[Intel-gfx] [PATCH] drm/i915: Switch obj->mm.lock lockdep annotations on its head
Tang, CQ
cq.tang at intel.com
Tue Nov 5 18:38:08 UTC 2019
> -----Original Message-----
> From: Daniel Vetter <daniel.vetter at ffwll.ch>
> Sent: Tuesday, November 5, 2019 2:02 AM
> To: Intel Graphics Development <intel-gfx at lists.freedesktop.org>
> Cc: Daniel Vetter <daniel.vetter at ffwll.ch>; Auld, Matthew
> <matthew.auld at intel.com>; Chris Wilson <chris at chris-wilson.co.uk>; Tang,
> CQ <cq.tang at intel.com>; Ursulin, Tvrtko <tvrtko.ursulin at intel.com>; Joonas
> Lahtinen <joonas.lahtinen at linux.intel.com>; Vetter, Daniel
> <daniel.vetter at intel.com>
> Subject: [PATCH] drm/i915: Switch obj->mm.lock lockdep annotations on its
> head
>
> The trouble with having a plain nesting flag for locks which do not naturally
> nest (unlike block devices and their partitions, which is the original motivation
> for nesting levels) is that lockdep will never spot a true deadlock if you screw
> up.
>
> This patch is an attempt at trying better, by highlighting a bit more the actual
> nature of the nesting that's going on.
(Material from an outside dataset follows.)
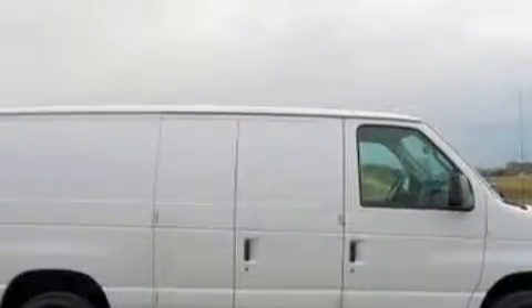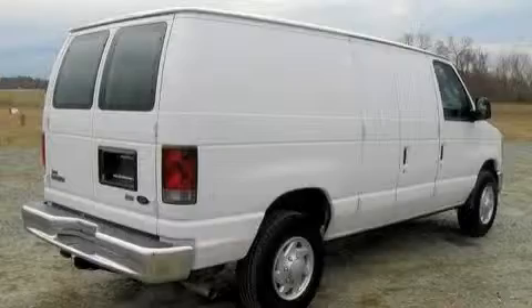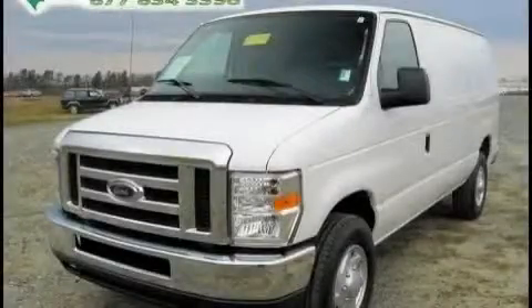It features a 5.4-liter 8-cylinder engine and a 4-speed automatic transmission. This van won't last long at this price. Call and arrange a test drive now.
Essentially we have two kinds of
> objects:
>
> - objects without pages allocated, which cannot be on any lru and are
> hence inaccessible to the shrinker.
>
> - objects which have pages allocated, which are on an lru, and which
> the shrinker can decide to throw out.
>
> For the former type of object, memory allcoations while holding
> obj->mm.lock are permissible. For the latter they are not. And
> get/put_pages transitions between the two types of objects.
>
> This is still not entirely fool-proof since the rules might chance.
> But as long as we run such a code ever at runtime lockdep should be able to
> observe the inconsistency and complain (like with any other lockdep class
> that we've split up in multiple classes). But there are a few clear benefits:
>
> - We can drop the nesting flag parameter from
> __i915_gem_object_put_pages, because that function by definition is
> never going allocate memory, and calling it on an object which
> doesn't have its pages allocated would be a bug.
>
> - We strictly catch more bugs, since there's not only one place in the
> entire tree which is annotated with the special class. All the
> other places that had explicit lockdep nesting annotations we're now
> going to leave up to lockdep again.
>
> - Specifically this catches stuff like calling get_pages from
> put_pages (which isn't really a good idea, if we can call get_pages
> so could the shrinker). I've seen patches do exactly that.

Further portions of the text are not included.